Exercise brief
Everything in the listing that follows should be reproduced exactly except the pictures.

Dataset excerpt
####

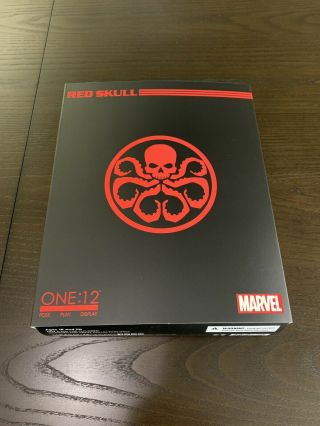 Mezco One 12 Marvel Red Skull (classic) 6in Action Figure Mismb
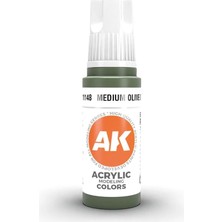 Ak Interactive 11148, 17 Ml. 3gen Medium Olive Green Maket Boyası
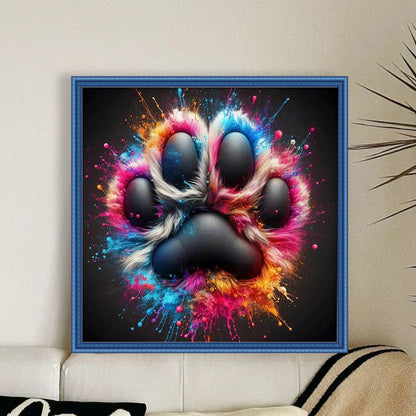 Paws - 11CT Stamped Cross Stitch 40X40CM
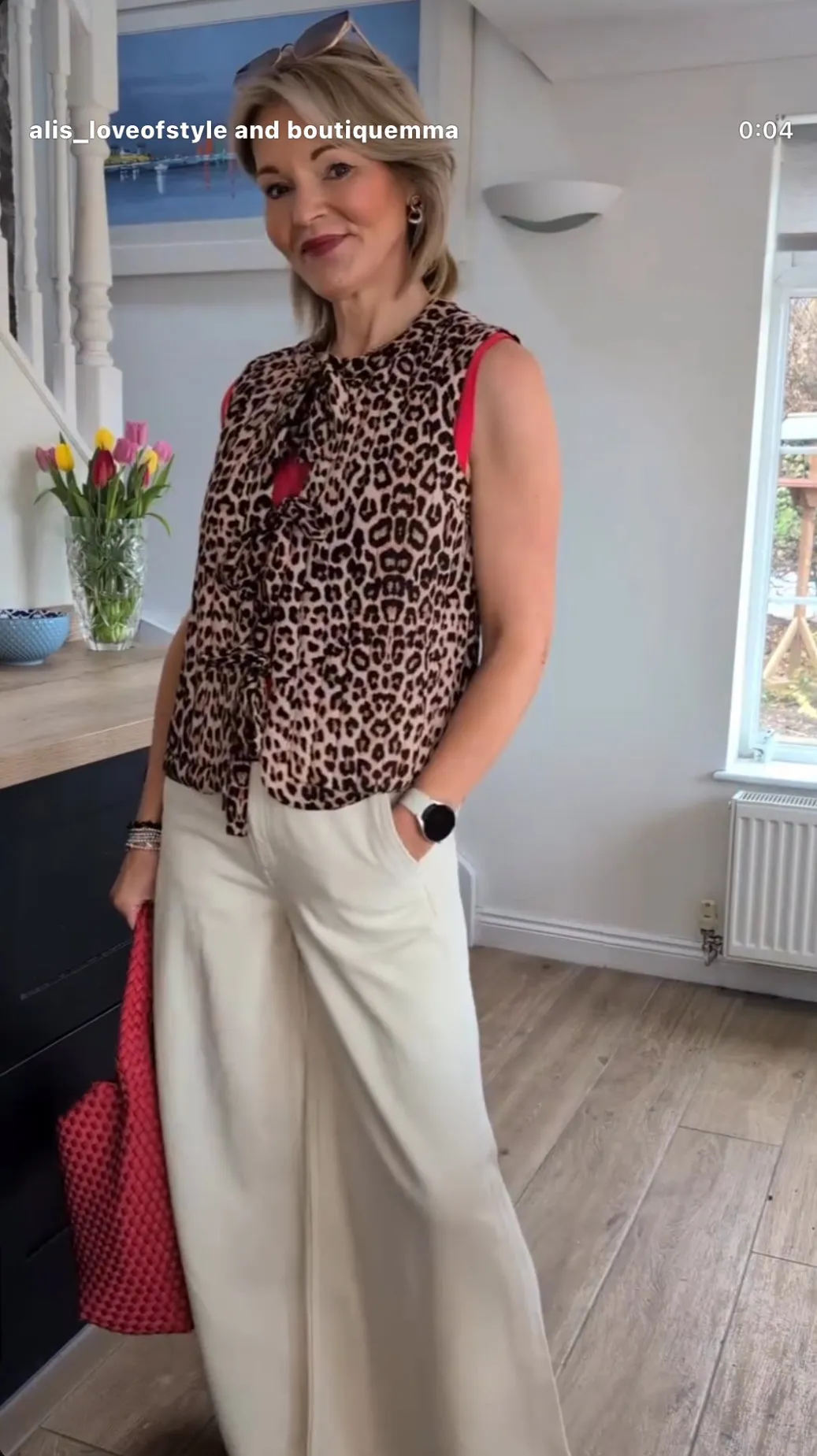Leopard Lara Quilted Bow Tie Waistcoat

####

Response
 Mezco One 12 Marvel Red Skull (classic) 6in Action Figure Mismb
 Ak Interactive 11148, 17 Ml. 3gen Medium Olive Green Maket Boyası
 Paws - 11CT Stamped Cross Stitch 40X40CM
Leopard Lara Quilted Bow Tie Waistcoat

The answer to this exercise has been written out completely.